During the celebration of the 97th ExCo Meeting in Vienna, the ExCo Members discussed various topics, including Task updates, Preliminary Proposals for Tasks, Workplans for future Tasks. Additionally, the following tasks have been approved: 

Task 48: “Future Demand of Hydrogen in Industry”  

The use of hydrogen in various industries is crucial for advancing toward a carbon-neutral economy, as highlighted by the Net Zero Industry Mission. It’s important to closely monitor R&D and technical progress in each sector and track implementation scenarios. Decarbonizing industrial processes won’t rely solely on clean hydrogen; other technologies like direct electrification will also play a role. When assessing industrial sector roadmaps, it’s vital to consider decarbonization strategies and their implications for hydrogen. The new task aims to identify how hydrogen can be applied across different industries, spanning a 36-month period starting in 2024. 

Task 49: “Natural Hydrogen”  

Task 49, Natural H2, spans two years and aims to raise awareness about research and exploration of natural hydrogen. The diverse group involved reports on developments, offers research recommendations and assists with budget allocation. Best practices in exploration and production are promoted, with a focus on developing models for assessing reserves and production economics. Advocacy for an appropriate legal framework and knowledge exchange between countries is prioritized. In addition, identifying infrastructure and financing needs and addressing associated risks are also key objectives. 

Task 50: “Cost and Carbon Intensity Analysis and Models Comparison of Hydrogen Supply Chains” 

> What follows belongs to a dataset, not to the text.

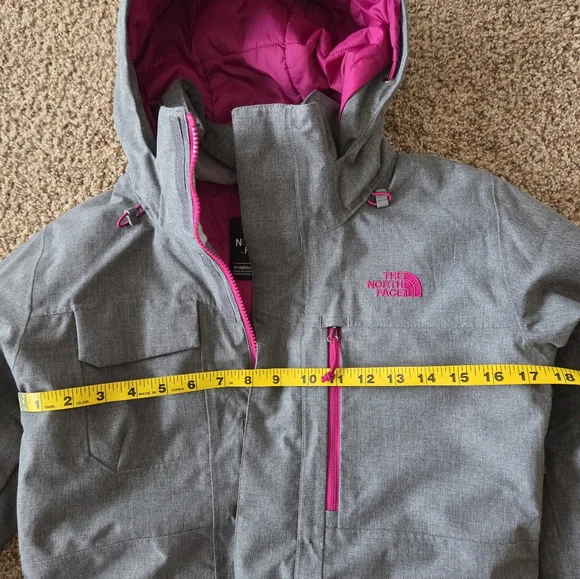 The North Face Ski Jacket - Picture 2 of 8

The main objective of this Task is to identify cost and GHG emissions drivers and key uncertainties in these factors for establishing Hydrogen Supply Chains, thereby fostering a global market for hydrogen as a commodity for decarbonization of the global energy system that includes transportation, industry, building and power sectors This new Task aims to enhance our understanding of the models used to calculate costs and greenhouse gas emissions intensity in international hydrogen supply chains. The findings will help identify key factors driving costs and emissions, providing valuable recommendations for policymakers. Institutions will work together to compare their cost models, aiming to decrease uncertainties and address remaining issues. The results of this comparison will be compiled into a report and published as part of the IEA Hydrogen TCP. 

The addition of these new tasks to the Hydrogen TCP agenda marks significant progress towards realizing the goals outlined in the H2TCP’s Strategic Plan.